→ **Data to use**
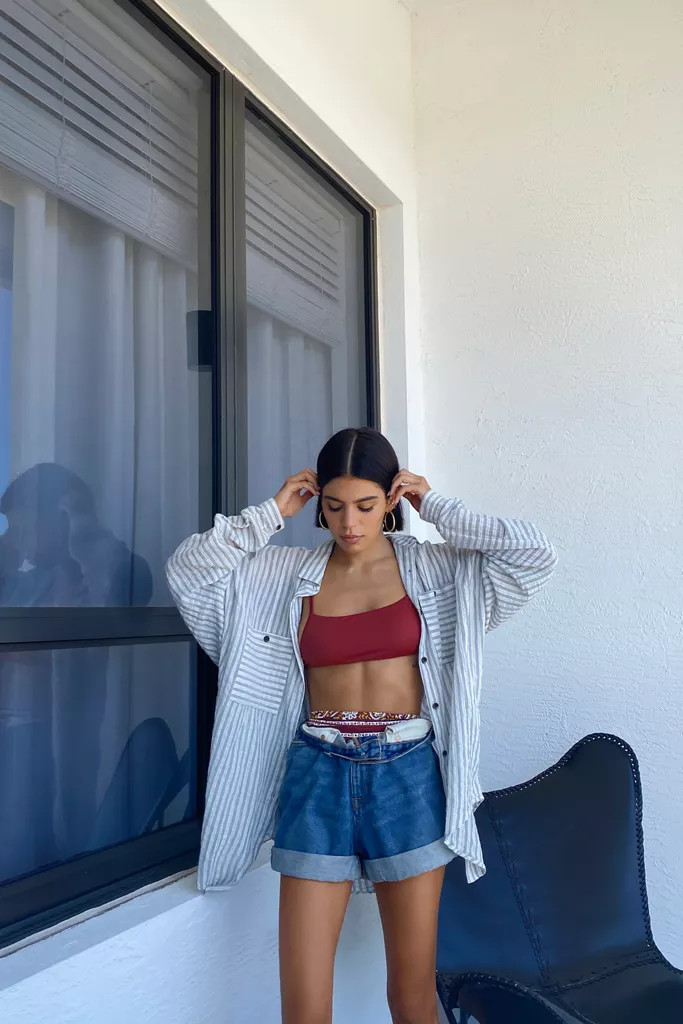 BDG High-Waisted Mom Short - Medium Wash | Urban Outfitters (US and RoW)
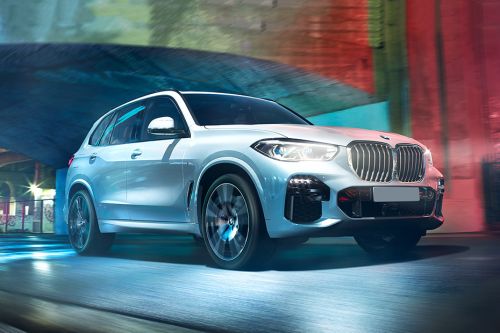 BMW X5 (2022-2023) Front Cross Side View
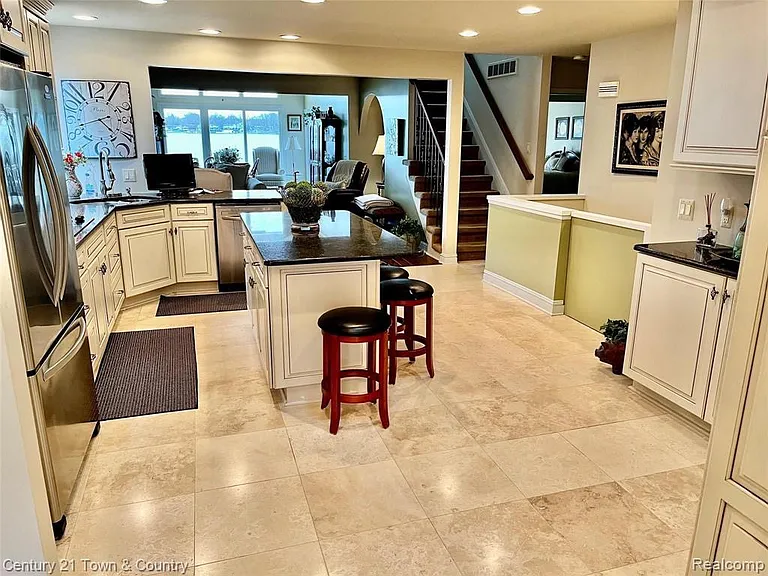 5084 Durnham Dr — Photo 7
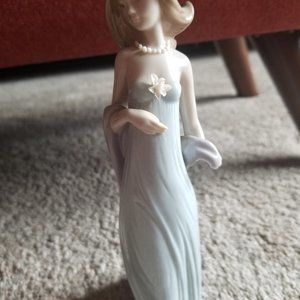 Lladro figurine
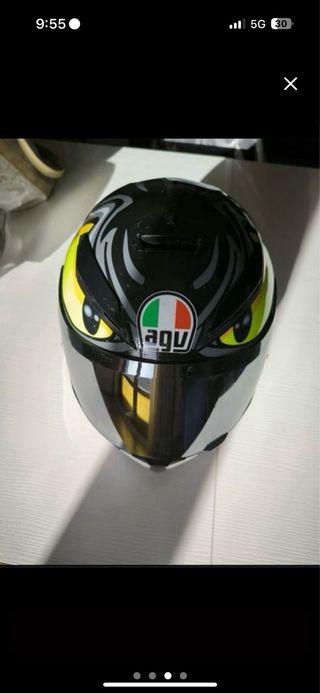 Casco de moto AGV diseño ojo de gato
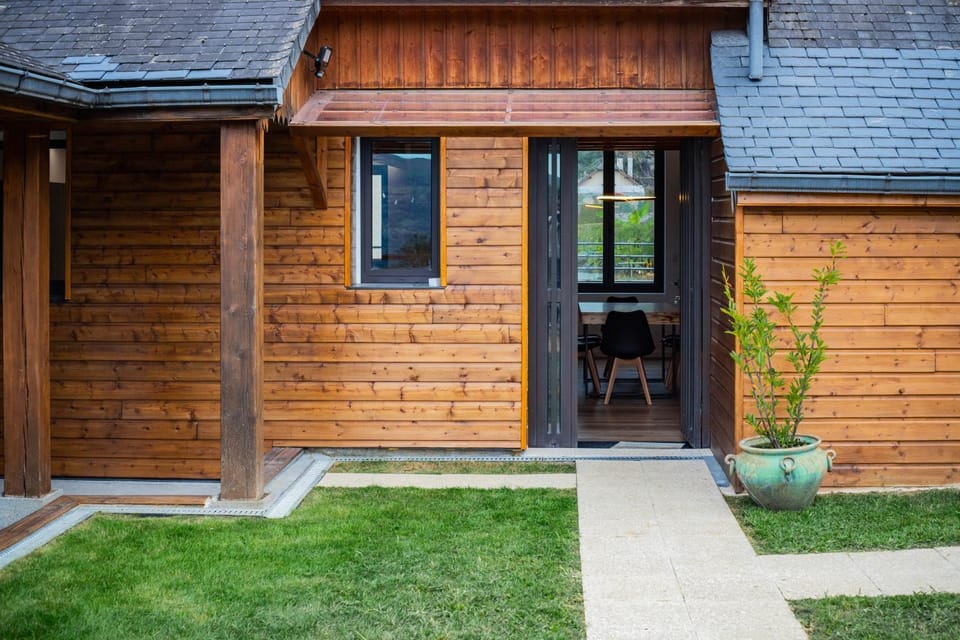 Patio, Facade/entrance, Garden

→ **Task brief**
From the line containing "Lladro figurine" through the final line of the listing above, reproduce every line exactly, with no pictures.

→ **Exercise output**
 Lladro figurine
 Casco de moto AGV diseño ojo de gato
 Patio, Facade/entrance, Garden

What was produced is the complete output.